Wie die genannten Autoren zutreffend ausführen, muss der Versuch der Beeinflussung des Kurses oder der Preisbildung eines Handelsobjektes "durch Abschluss eines Scheingeschäftes" getätigt werden. Das Delikt setzt somit voraus, dass ein Scheingeschäft "abgeschlossen" wurde. Nicht jeder, der versucht, den Kurs oder die Preisbildung eines Handelsgegenstands zu beeinflussen, kann als Täter in Betracht kommen, sondern nur derjenige, welcher zu diesem Zweck ein Scheingeschäft "abschließt", also die - im Sinne des wirtschaftlichen Trägers verstandene - "Vertragspartei" des "Scheingeschäftes". In dem von der beschwerdeführenden Partei angenommenen Fall eines "Wash Sale", also eines "Geschäftes mit wirtschaftlich identischen Vertragspartnern", kommt somit als Adressat der Strafnorm nur derjenige in Betracht, für dessen Rechnung die zum Scheingeschäft zusammengeführten gegenläufigen Aufträge in das Handelssystem eingegeben wurden. Dies war nach Annahme der beschwerdeführenden Partei jedoch nicht der Mitbeteiligte, sondern die E-AG.

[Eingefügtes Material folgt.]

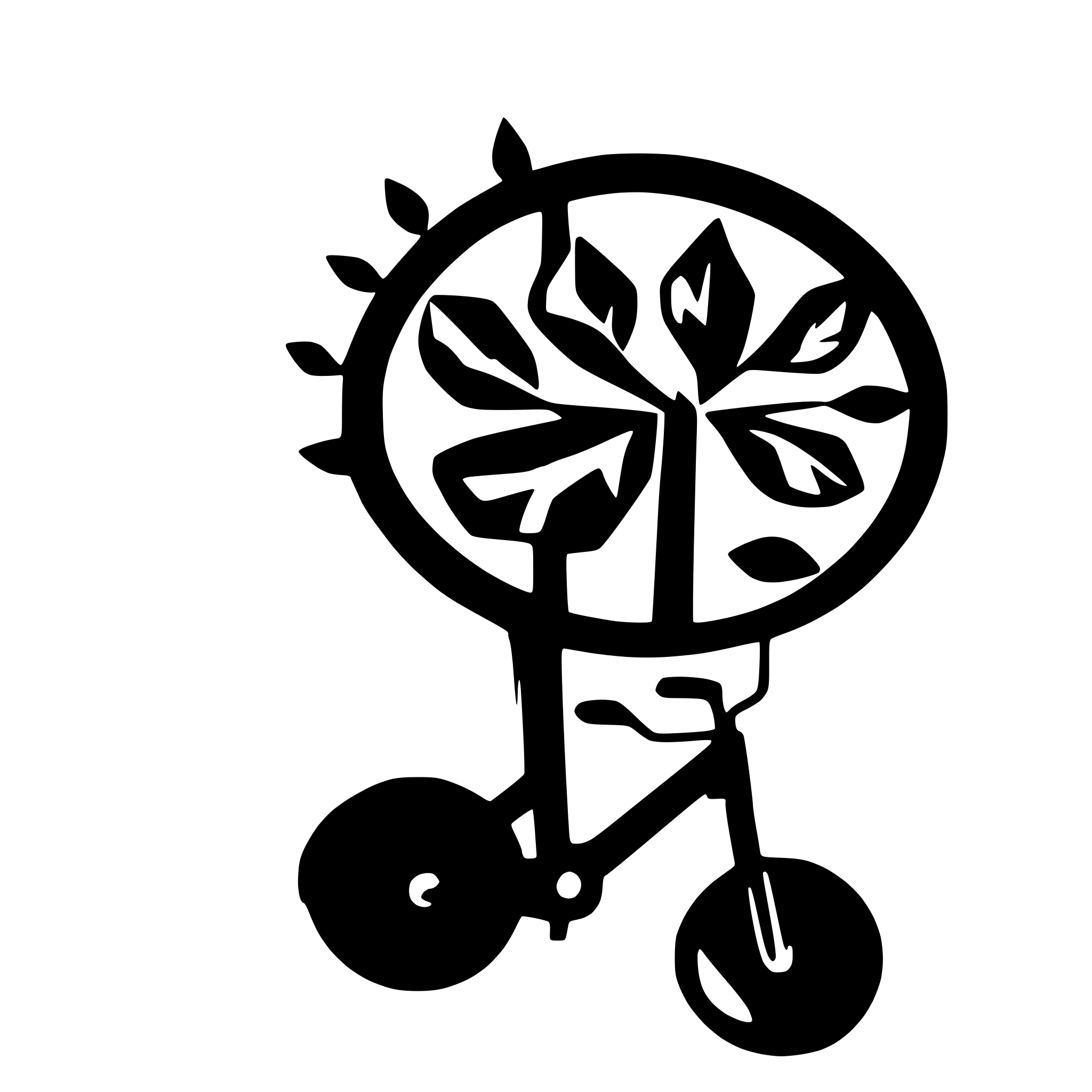AI-generated SVG of a a cycle silhouette vector with a white background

Die belangte Behörde ist daher zutreffend davon ausgegangen, dass die in den Spruchpunkten 1. und 3. des erstinstanzlichen Straferkenntnisses vorgenommene Tatanlastung an den Mitbeteiligten zu Unrecht erfolgte.
Aus diesen Erwägungen war die vorliegende Amtsbeschwerde, soweit sie sich gegen die Erledigung der Berufung gegen die Spruchpunkte 1. und 3. des erstinstanzlichen Straferkenntnisses durch die belangte Behörde richtete, gemäß § 42 Abs. 1 VwGG als unbegründet abzuweisen.
Ein Kostenzuspruch an die belangte Behörde oder an den Mitbeteiligten kam schon im Hinblick auf das teilweise Obsiegen der beschwerdeführenden Partei gemäß § 50 VwGG nicht in Betracht.